Much is expected of the Red Bulls here, on a circuit where downforce is at a premium and, in comparison with their rivals, they have it to spare. But in yesterday's opening practice sessions Lewis Hamilton and Jenson Button fractionally eclipsed them, Hamilton in the first and Button in the second, as McLaren kept their hopes alive of taking the fight to the energy drink cars this weekend.
Hamilton ruled the roost in the first session with Button just behind him. The Red Bulls picked up their pace in the afternoon, when Spain and Monaco winner Mark Webber and team-mate Vettel were left sandwiched between the McLarens.
Button had a bit of a wobble through the very fast triple-apex left-hander that is Turn 8, but he secured the fastest time in the second session nonetheless. Hamilton was less happy with his McLaren, but he still managed fourth with Alonso right behind him. The Mercedes of Nico Rosberg and Michael Schumacher were also within striking distance.
"This morning was reasonably good, and this afternoon was better," Button said. "I was struggling a little through Turn 8, it's an area we'll be working on overnight because it's pretty tricky through there at the moment. It's a tough corner, especially if the car's moving around – so we've got to hope we can solve some of those issues before tomorrow.
"The car feels reasonably good around here – there are still some areas where we're not so strong and the Red Bulls will once again be the cars to beat in qualifying tomorrow, we can't get away from that. I just hope we're closer than we've been in the previous two races."
Hamilton was quite relaxed about his day's work. "This is such a great circuit and the grip didn't seem too bad today," he said. "It also seems very tight between all the front runners – the times are very close. Our car doesn't seem to be performing too badly, so I'm happy with today's running.
"Turn 8 is quite bumpy as always, and you could see today that some of the others were having a few difficulties through there, but it wasn't a problem for us."
This type of circuit often produces the two-by-two effect, where team-mates lap at similar speed due to the manner in which the characteristics of the layout suit their cars, but Felipe Massa was notably slower than Alonso. The Brazilian won three races on the trot here between 2006 and 2008, but struggled with his Ferrari's handling yesterday as he twice went off the road in Turn 8.

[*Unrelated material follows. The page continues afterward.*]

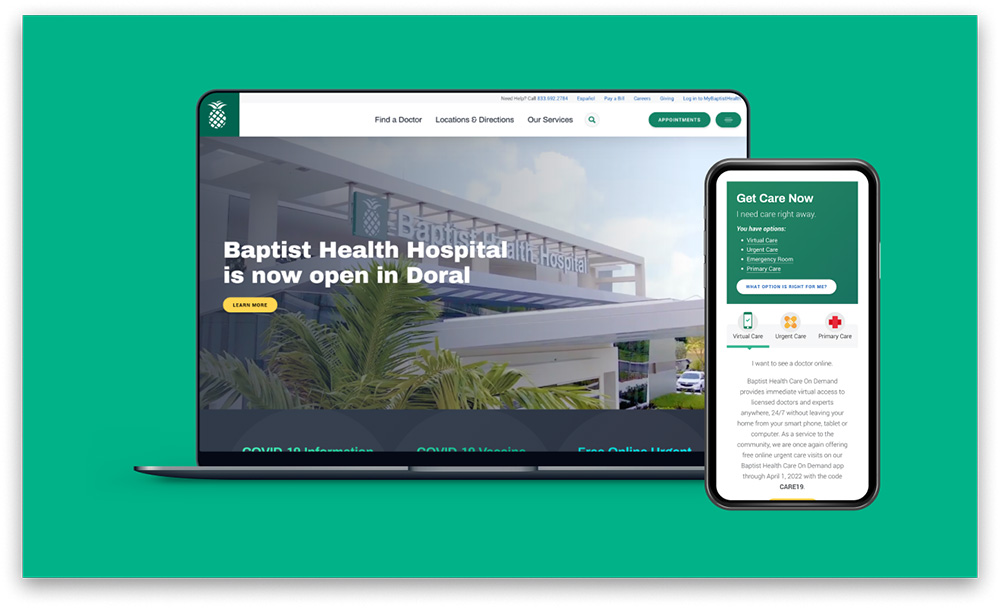 Baptist Health South Florida laptop and mobile homepage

On the second occasion he slid sideways at more than 155mph, and flat-spotted his only set of soft compound Bridgestone tyres, which meant he could not improve on 10th.
It was a promising day for Red Bull, notwithstanding the failure of a high mileage Renault engine in the back of Webber's car late in the afternoon and some minor problems for Vettel, who was running a new chassis.
"The engine went at the end of P2, but it was a high mileage engine, so we were expecting it to be on the edge," Webber said. "There's no handbrake on an F1 car so when I stopped I was trying to tell them [the marshals] to put something behind the wheel to stop the car rolling back. We need to analyse the new F-duct system [which Red Bull are using for the first time at this Grand Prix] tonight, we know it's not the most straightforward of systems. The guys have done a phenomenal job to get it to this point and we're happy with how it went today but, whether we race it or not, we don't know yet."
In Spain the McLarens were the fastest on Friday, only to be blown away by the Red Bulls in qualifying. The way things are in F1 right now, you wouldn't bet against a repeat of that form.
"I have no doubts that tomorrow in qualifying the Red Bulls will pull out something extra, which they always seem able to do," Hamilton said philosophically. "We haven't made too many changes to the car for this race, but we've got a chance this weekend, and I think we'll be able to compete with them."
In keeping with the frenetic development pace, and their own extraordinary rate of creating new parts, Red Bull equipped their cars with the go-faster F-duct developed earlier in the season by McLaren to stall airflow over the rear wing and boost straight-line speed, but also brought along new engine covers and front wings. McLaren have some new aerodynamic parts, while Ferrari, fifth fastest courtesy of Fernando Alonso as they celebrate their record 800th Grand Prix, have their F duct too.
The paddock talk yesterday centred on the possibility of two-day Grands Prix and as many of 24 of them a season, and the likelihood of movable rear wings being introduced to help spice things up in 2011.
It may be significant that Button had his McLaren equipped for the first time with some different brake discs, which he prefers to the Carbon Industries equipment which he and Hamilton have used all season. Hamilton uses the brakes much harder than Button, who prefers his to have a little more feel so that he can finesse them.